Deva (/ðeɪvɑː/) is a 1995 Indian Tamil-language romantic action film directed by S. A. Chandrasekharan and produced by B. Vimal. The film stars Vijay, and debutante Swathi, while Sivakumar, Manorama, Mansoor Ali Khan and Manivannan play supporting roles. The film revolves around a couple who are deeply in love, but encounter opposition from the woman's father, who is head of the village. The father believes the man is not a suitable partner due to his perceived reputation. The film was released on 17 February 1995.

== Plot ==

Deva and Bharathi are deeply in love, but encounter opposition from Bharathi's father Gandhidasan, the head of the village. Gandhidasan believes that Deva is not a worthy suitor due to his perceived reputation throughout the village. Although the son of the wealthy Raasathi, it comes to light that Gandhidasan's disapproval stems from his relationship with his brother Rajadurai aka Periyavar, who is seemingly apathetic and unenthusiastic.

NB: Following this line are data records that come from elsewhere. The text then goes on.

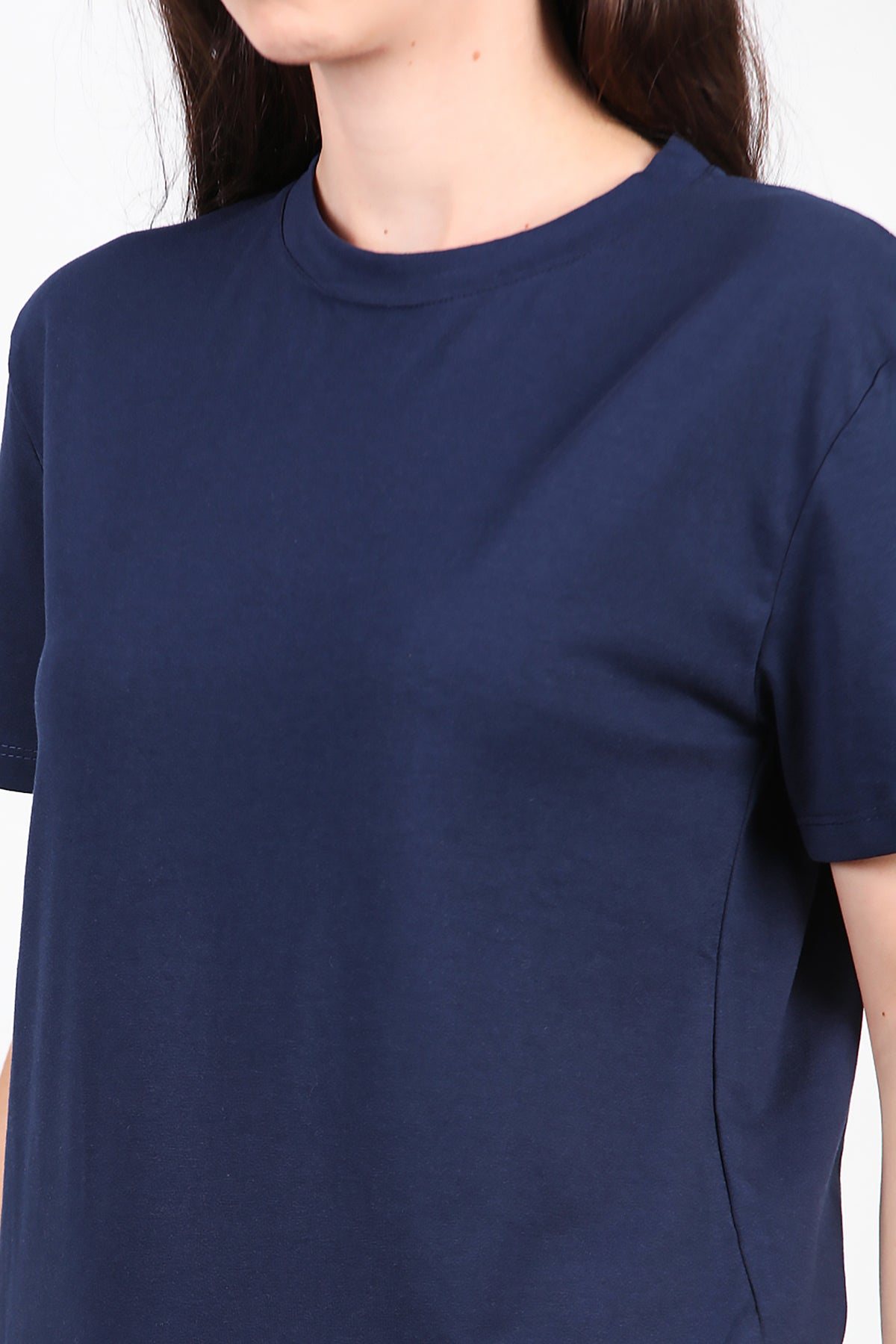 Kadın Bisiklet Yaka T-Shirt Lacivert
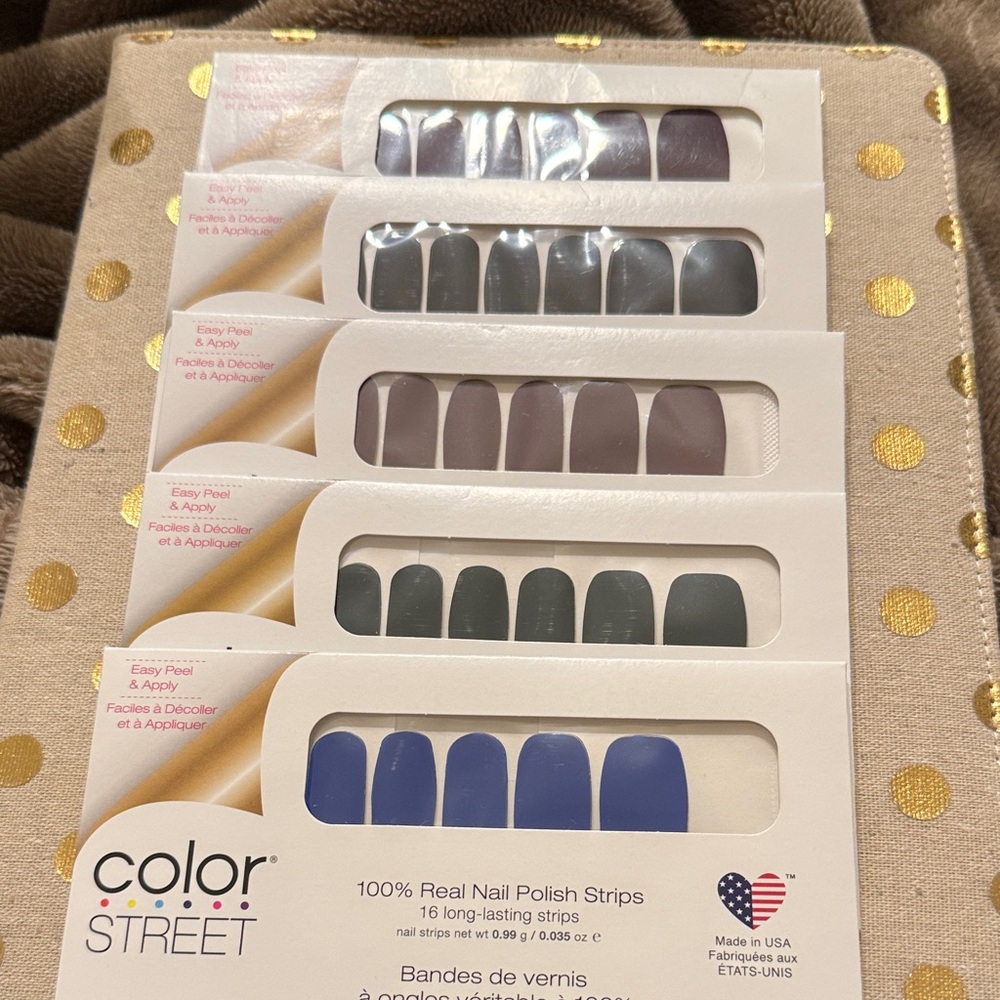 Bundle of 5 Sets: Color Street Classic Cremes Nail Polish Strips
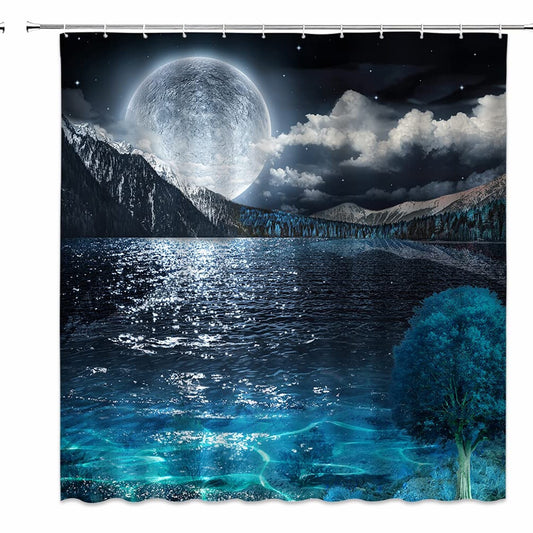 Ocean Shower Curtain Full Moon Cloud Mountain Teal Blue Sea 70x70 in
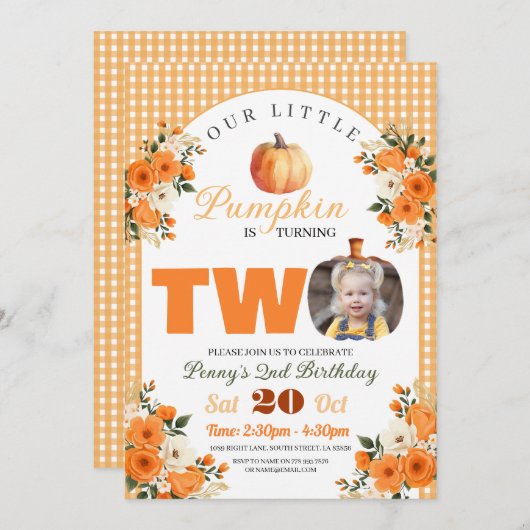 Invitation Citrouille 2e anniversaire Petit Citrouille Automn (Devant / Derrière)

The film ends happily with Gandhidasan recognising that his now son-in-law Deva is actually a really upstanding citizen in the village. Deva and Bharathi overcome all problems and live their lives happily married.

==Production==

R. Selva, a relative of Chandrasekhar, made his debut as cinematographer with this film. He received the opportunity when Chandrasekhar was impressed with his cinematography he did for the Bengali film Raja Bachcha.

== Soundtrack ==
The music was composed by Deva.

Track listing
| No. | Title | Lyrics | Singer(s) | Length |
|---|---|---|---|---|
| 1. | "Aiyayo Alamelu" | Vaali | Vijay | 4:47 |
| 2. | "Chinna Paiyyan" | Vaali | S. N. Surendar, K. S. Chithra | 4:42 |
| 3. | "Innoru Gandhi" | Pulamaipithan | Mano, S. N. Surendar | 4:17 |
| 4. | "Kothagiri Kuppamma" | Vaali | Vijay, Swarnalatha, Manorama | 5:02 |
| 5. | "Oru Kaditham" (Male) | Vaali | S. P. Balasubrahmanyam, Vijay | 5:06 |
| 6. | "Oru Kaditham" (Female) | Vaali | K. S. Chithra | 4:58 |
| 7. | "Deva Vara" | Vaali | Shoba Chandrasekhar, Deva | 2:13 |
| 8. | "Marumagane" | Kavidasan | Deva, Krishnaraj | 4:49 |
| Total length: |  |  |  | 35:54 |

== Reception ==
Thulasi of Kalki praised Vijay for his maturity but advised him not to take the risk of singing songs. She also appreciated the cinematographer and choreographer for adding more beauty to the film and concluded that the director's screenplay is perfect and ups and downs are okay to keep the audience engaged but asked him not to insult women in his next film. Manivannan won the Tamil Nadu State Film Award for Best Comedian.